Self Employed Borrowing
I speak to self employed people quite regularly and it is surprising how many are terrified of moving their finances just because of the hoops that they believe the banks will make them jump through. Two main things matter, the length of time you've been self employed and the amount you earn.
Time in business is relatively straight forward. 2 years is pretty standard but there are exceptions. The exceptions require that you get a letter from your accountant though veirfying your ability to make repayments and that your income is what you say it is. The catch being udner 2 years is that you are a higher risk in the banks eyes and that in turn will see you pay a higher interest rate. These loans are known as aternate doc loans or "lo-doc" loans.
Income is incredibly important for obvious reasons. The calculations for this mainly rely on tax returns and business financials such as the balance sheet and income statement (profit and loss). The average of 2 years income is the general requirement of the banks to assess your income but there are exceptions to that as well. Some will accpet 1 years income. On top of using the net profit of the business there are opportunities to add to your profit based on yoru financials. If your business has a depreciation expense this can be added to your annual income. If you are refinancing any debts, the interest charges on those debts can be added to your income also as the interest charge will be calculated in the new loan application.
Scenario: You have an average income of $150,000 a year over the last 2 years. You can add the depreciation of vehicles and furniture to that total.
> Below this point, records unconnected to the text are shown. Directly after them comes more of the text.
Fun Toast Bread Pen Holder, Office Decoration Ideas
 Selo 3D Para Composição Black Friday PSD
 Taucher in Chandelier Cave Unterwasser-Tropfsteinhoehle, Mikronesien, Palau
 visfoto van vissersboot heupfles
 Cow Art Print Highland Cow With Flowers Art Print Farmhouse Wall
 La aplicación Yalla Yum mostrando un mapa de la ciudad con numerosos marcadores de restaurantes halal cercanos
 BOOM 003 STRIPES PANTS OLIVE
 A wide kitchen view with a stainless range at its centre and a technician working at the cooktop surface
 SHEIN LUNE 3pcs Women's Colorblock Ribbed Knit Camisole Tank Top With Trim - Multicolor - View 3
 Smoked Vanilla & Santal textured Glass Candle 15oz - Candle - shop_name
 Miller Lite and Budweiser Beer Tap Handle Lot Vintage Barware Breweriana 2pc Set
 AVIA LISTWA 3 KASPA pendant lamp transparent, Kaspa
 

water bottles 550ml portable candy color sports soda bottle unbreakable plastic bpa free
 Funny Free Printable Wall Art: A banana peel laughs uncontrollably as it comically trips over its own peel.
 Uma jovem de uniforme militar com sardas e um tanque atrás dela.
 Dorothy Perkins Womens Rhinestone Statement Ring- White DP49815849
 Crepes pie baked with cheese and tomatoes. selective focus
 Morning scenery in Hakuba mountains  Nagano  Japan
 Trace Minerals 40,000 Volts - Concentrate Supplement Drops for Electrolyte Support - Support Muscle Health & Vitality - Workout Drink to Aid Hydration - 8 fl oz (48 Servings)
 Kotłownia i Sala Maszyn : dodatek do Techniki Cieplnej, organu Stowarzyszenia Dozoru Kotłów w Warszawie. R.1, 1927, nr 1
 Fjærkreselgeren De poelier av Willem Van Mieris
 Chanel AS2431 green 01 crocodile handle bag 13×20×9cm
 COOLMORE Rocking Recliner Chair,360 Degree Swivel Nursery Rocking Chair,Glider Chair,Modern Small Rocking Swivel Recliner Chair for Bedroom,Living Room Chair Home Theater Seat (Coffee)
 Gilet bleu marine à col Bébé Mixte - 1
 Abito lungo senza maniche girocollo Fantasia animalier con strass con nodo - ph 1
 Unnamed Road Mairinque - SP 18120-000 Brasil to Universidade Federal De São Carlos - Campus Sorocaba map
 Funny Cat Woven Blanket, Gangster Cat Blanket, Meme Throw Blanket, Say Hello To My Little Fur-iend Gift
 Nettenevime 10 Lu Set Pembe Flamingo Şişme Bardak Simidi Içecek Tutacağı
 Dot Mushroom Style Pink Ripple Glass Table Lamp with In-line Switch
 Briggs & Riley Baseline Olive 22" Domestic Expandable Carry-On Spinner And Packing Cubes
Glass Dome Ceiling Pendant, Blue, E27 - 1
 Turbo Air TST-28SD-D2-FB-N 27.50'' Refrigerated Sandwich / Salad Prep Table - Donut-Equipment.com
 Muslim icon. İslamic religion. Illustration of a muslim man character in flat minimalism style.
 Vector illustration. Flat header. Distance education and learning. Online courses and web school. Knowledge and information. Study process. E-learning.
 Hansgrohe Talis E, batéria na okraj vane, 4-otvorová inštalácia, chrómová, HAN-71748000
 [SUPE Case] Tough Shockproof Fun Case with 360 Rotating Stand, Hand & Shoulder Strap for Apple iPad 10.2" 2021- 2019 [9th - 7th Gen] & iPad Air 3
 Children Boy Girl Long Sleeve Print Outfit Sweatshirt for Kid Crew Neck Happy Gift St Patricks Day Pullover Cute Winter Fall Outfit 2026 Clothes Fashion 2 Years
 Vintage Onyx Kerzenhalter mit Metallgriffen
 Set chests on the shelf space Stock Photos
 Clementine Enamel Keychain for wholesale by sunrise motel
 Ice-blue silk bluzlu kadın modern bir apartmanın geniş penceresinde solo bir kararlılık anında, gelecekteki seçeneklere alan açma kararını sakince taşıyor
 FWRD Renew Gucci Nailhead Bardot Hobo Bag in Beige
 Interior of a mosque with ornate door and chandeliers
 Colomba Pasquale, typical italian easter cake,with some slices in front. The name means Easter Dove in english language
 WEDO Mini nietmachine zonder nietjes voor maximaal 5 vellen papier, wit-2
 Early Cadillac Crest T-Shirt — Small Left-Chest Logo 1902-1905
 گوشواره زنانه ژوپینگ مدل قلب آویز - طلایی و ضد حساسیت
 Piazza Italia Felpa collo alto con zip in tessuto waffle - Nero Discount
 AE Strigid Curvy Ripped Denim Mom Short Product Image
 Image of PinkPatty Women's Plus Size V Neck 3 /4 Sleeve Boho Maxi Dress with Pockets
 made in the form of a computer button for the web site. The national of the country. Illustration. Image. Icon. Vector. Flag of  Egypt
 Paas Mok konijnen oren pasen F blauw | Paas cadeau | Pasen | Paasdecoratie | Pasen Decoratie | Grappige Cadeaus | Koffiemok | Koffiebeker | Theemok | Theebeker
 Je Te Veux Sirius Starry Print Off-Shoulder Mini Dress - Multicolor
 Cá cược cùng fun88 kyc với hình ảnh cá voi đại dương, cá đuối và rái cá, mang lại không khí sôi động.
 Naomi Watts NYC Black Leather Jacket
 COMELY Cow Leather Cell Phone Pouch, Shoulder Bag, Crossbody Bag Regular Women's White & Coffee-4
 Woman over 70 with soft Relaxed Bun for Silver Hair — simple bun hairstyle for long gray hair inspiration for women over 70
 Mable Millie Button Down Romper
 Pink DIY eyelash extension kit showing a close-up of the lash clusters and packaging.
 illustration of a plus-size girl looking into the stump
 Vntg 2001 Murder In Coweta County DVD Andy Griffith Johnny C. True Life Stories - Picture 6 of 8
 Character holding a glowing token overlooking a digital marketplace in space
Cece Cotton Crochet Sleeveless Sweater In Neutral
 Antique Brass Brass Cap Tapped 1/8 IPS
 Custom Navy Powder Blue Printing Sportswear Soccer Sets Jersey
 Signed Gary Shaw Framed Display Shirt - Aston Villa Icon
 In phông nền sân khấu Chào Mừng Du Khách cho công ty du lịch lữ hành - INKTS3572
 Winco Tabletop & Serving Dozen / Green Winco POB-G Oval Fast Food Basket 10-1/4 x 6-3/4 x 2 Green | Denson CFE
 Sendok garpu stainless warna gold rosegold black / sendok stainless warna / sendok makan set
If you have a credit card that was charged $4000 in interest a year that you are closing with the funds being applied for on your home loan you can add back the interest charge from the credit card.
It's not impossible to borrow money as a self employed applicant and having a good broker work with you is a great way to ensure you're not making a credit enquiry for no reason as we can assess your income against bank requirements before an application is submitted.